O que vale mais: o vinho ou o enoturismo?

Por Mariana Mendes De Luca | @marianamdeluca

Acordei em um sábado pela manhã e arrisquei enviar uma mensagem pelas redes sociais de uma vinícola da região para saber se ainda teria vaga disponível para conhecê-la naquele dia.

Diante da resposta “Pode vir que eu dou um jeito”, eu fui.

E em meio ao caos da recepção, que pensei ser pelo fato da reserva tardia, uma simples girada no rótulo respondeu todas as minhas perguntas, aquele vinho em taça tinha sido colhido, vinificado e envasado no Sul do País.

Mas isso seria algo normal e positivo, se eu não estivesse provando aquele vinho dentro de uma vinícola no Estado de São Paulo.

Aí me veio a pergunta: Essa vinícola (e algumas outras) está aqui pelo vinho ou pelo enoturismo? Se não estão aproveitando o terroir favorável da região — em específico essa, nunca havia sido feito uma colheita no parreiral tímido que cercava o winebar — por que então estar aqui, nessa localização?

“É pelo vinho!”, disse a atendente. Sabemos, por meio de estudos feitos por outra vinícola, que aqui se produz bons vinhos.

Mas minha amiga, que vinho? O vinho nem de lá era! O storytelling (que é a arte de desenvolver uma história) deles não estava encaixando com as informações do seu rótulo.

Para contextualizar a nossa conversa até esse ponto, é importante retomar que é possível produzir vinhos nos estados de São Paulo e Minas Gerais, por meio do método da dupla poda. Ela funciona da seguinte forma: em países em que o verão é seco, a videira produz frutos nessa estação. Como em nosso país o inverno é seco, é feita uma alteração no ciclo da videira possibilitando que seus frutos apareçam nesse período.

Porém, esse ainda é um processo muito custoso, o que também justifica o valor final dos rótulos nesses estados.
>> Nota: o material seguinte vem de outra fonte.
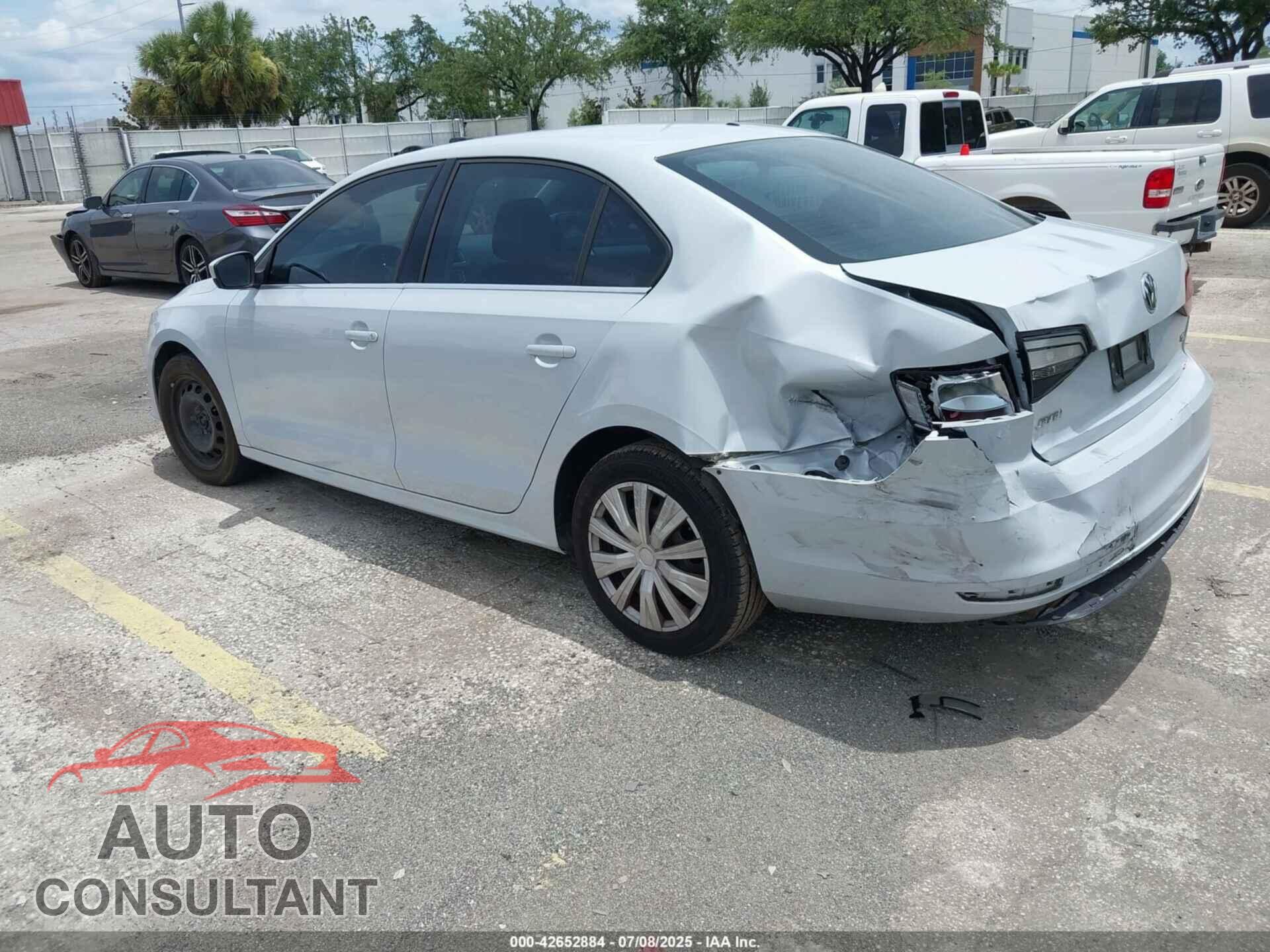 VOLKSWAGEN JETTA 2017 - 3VW2B7AJ0HM284822
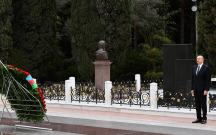 Prezident xanımı və qızı ilə Fəxri xiyabanı ziyarət etdi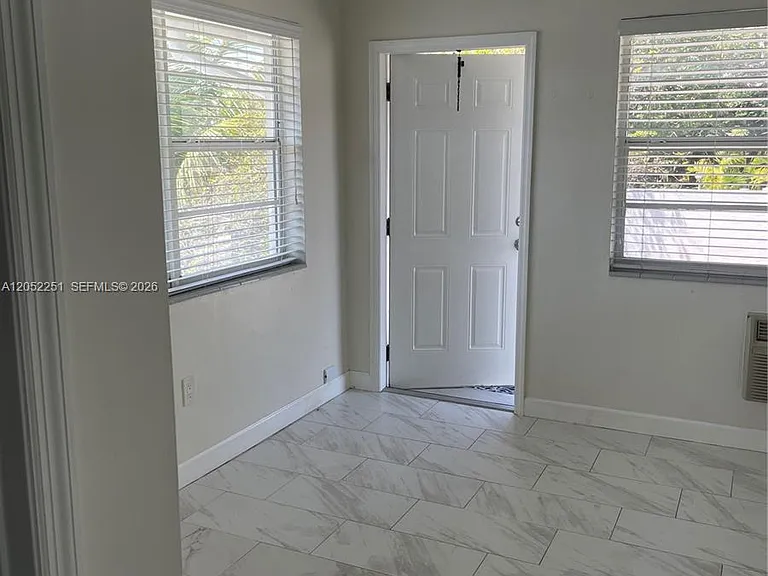 11890 NE 16th Ave #6 — Photo 4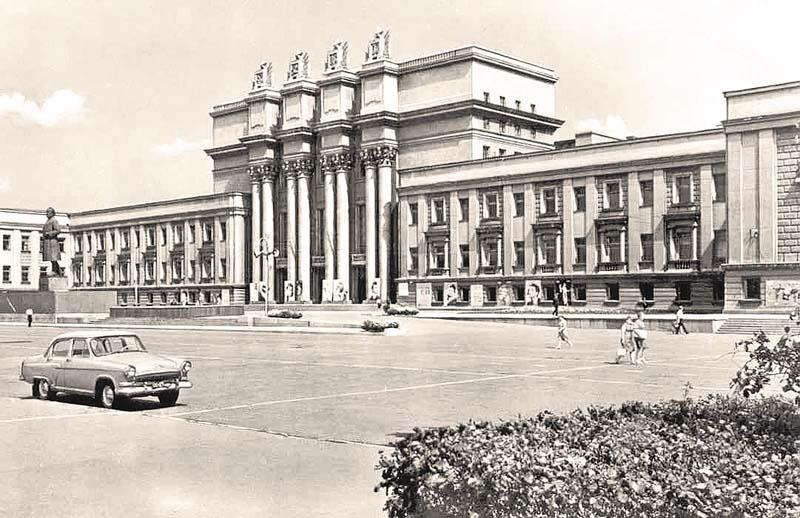 Здание областной библиотеки с 1931 года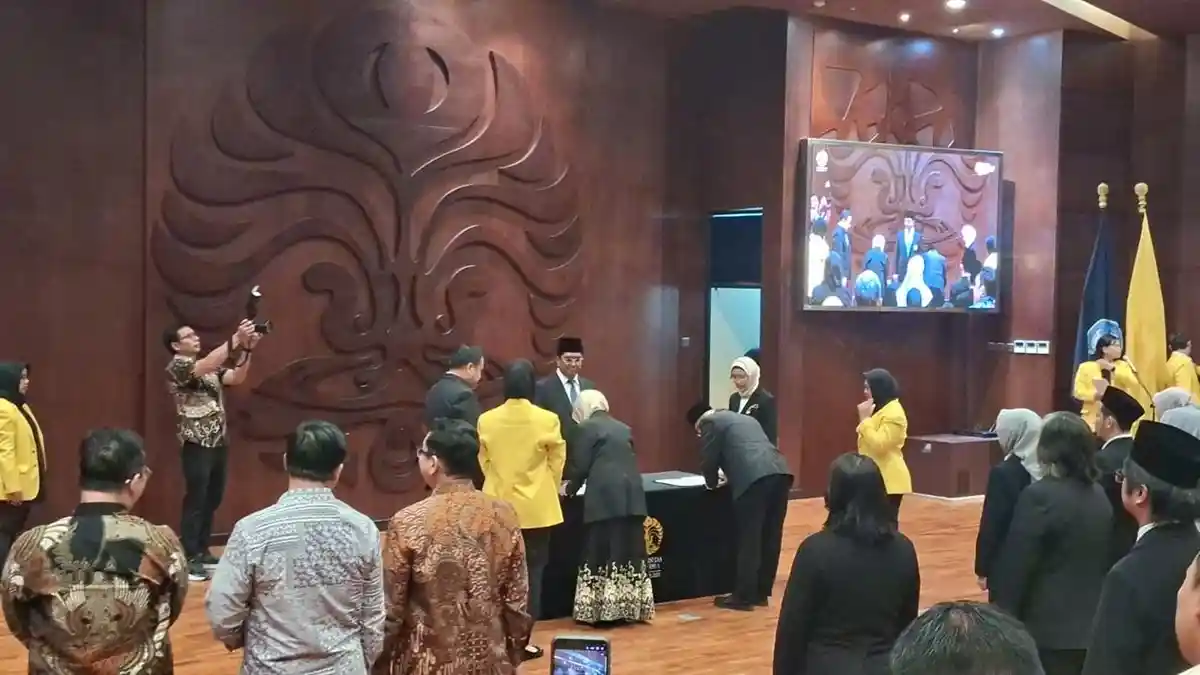 Lantik Dekan Fakultas dan Direktur Vokasi, Rektor UI: Tak Hanya ...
Em função desse alto custo de produção, é muito difícil posicionar o vinho para competir em uma faixa de preço compatível com a qualidade de entrega. Tornando, assim, ainda mais desleal a concorrência com os vinhos importados.

Mas a verdade é que o preciosismo acerca do método da dupla poda impede que alguns produtores reconheçam que sua parcela de solo, infelizmente (ou felizmente), seja melhor para o enoturismo do que para a produção de um bom vinho.

É polêmico, mas é sensato pensar que, para participar de um momento bom que o vinho proporciona, não precisa necessariamente tomar vinhos ou entender tudo sobre eles. Eu própria tenho uma amiga que não bebe nada alcoólico, mas que me acompanha em várias vinícolas, com sua boa e velha Coca-Cola gelada. Ela e a grande parte das pessoas que estão lá, pasmem, não estão pelo vinho, estão pelo tempo de qualidade.

Ao mesmo tempo, existe uma linha tênue bem perigosa que divide o enoturismo em dois lados: o lado que conseguiu desenvolver um bom vinho e, junto dele, um bom turismo para apresentá-lo, e o lado dos que surfaram nessa onda sem se preocupar com a qualidade final do produto, pois entenderam que nem todos estão ali pelo vinho, e assim estão buscando apresentá-lo por meio de um turismo mediano.

Para o segundo, se eu pudesse dar um conselho, eu diria: aceite, o enoturismo tem um potencial tão grande quanto a viticultura.

E para você que me acompanhou até aqui, eu sugiro que conheça nossas vinícolas regionais, desfrutem de bons momentos e busquem sempre ‘A Próxima Taça’, Um brinde à nossa região e ao esforço dos que estão buscando melhorar cada vez mais nesse universo do vinho!